Traditionally, echo cancellation has been seen as black magic, requiring a great deal of heuristic know-how and expertise to achieve acceptable practical results. However, through the development/implementation of a new adaptive filter scheme, echo cancellation can become a much easier task for today's design engineers.
In this article, we'll layout the new adaptive filtering scheme, looking at issues such as online and offline filtering as well as algorithm development. We'll also provide practical design examples for how the proposed filtering approach can improve the design of echo cancellation architectures for voice-over-IP (VoIP), voice-over-packet (VoP), and other derived voice applications.
The Central Character
The central part of any echo canceller is the adaptive filter (AF). This filter builds a mathematical representation, or impulse response, of the echo path (Figure 1). Once this representation is built, it is stored in what is typically known as an H register.

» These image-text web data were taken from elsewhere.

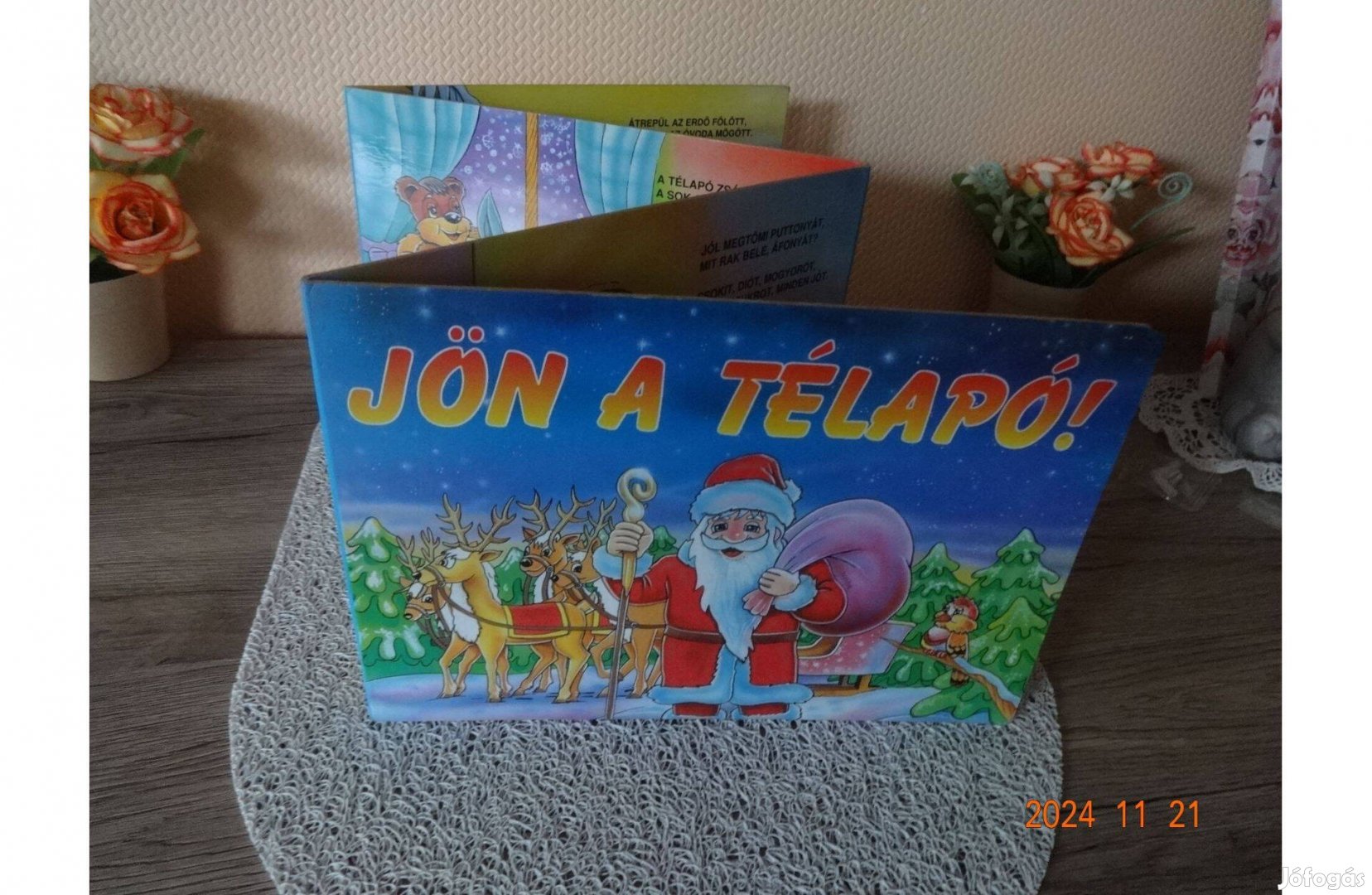 Jön A Télapó - kemény lapos mesekönyv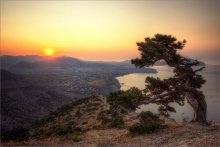 Навстречу солнцу / Вид на Судак с горы Сокол. Рассвет после комариной ночи на горе.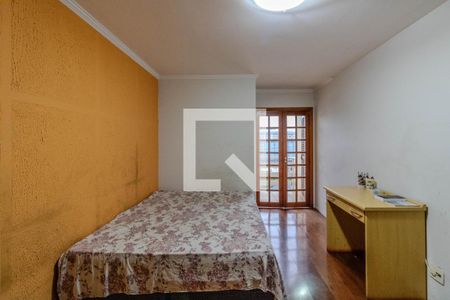 Casa à venda com 220m², 3 quartos e 4 vagas Casa à venda com 220m², 3 quartos e 4 vagasQuarto 2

When a signal (Rin) is processed by the AF using an H register, the output is a new signal approximating the expected echo of the Rin signal. This new signal can then be subtracted from the return signal (Sin) to remove or cancel the echo.
Figure 1: Adaptive filters are an integral ingredient in the echo canceller architecture, building a mathematical representation of the echo path
Since the adaptive filter can only approximate the echo, it is not capable of removing the echo entirely and some residual echo is left in the signal. The accuracy of the H register at any given moment will determine the amount of residual echo. If this amount becomes too great it is the job of the non-linear processor (NLP) to remove it.
AF: A Diverse Field
The field of adaptive filtering is vast and thus there are a diverse amount of AF approaches designers can implement in an echo canceller design. Despite this diversity, the objective of all AF solutions is the same: find the best mathematical model that will minimize the error between the actual response of the system and the mathematical representation. This process is called convergence.
AF algorithms in voice echo cancellation devices compete in two types of races: sprints and marathons. Sprints involve converging quickly at the start of a call and re-converging quickly following a change in the echo path. Initial convergence must be accomplished quickly since the echo path is not known at this time. Following this sprint, an AF algorithm must continue improving convergence despite any noise present in the signal containing the echo. This marathon will continue during the entire call, passing through periods of silence and double talk. Convergence on the echo path must never be lost during this phase.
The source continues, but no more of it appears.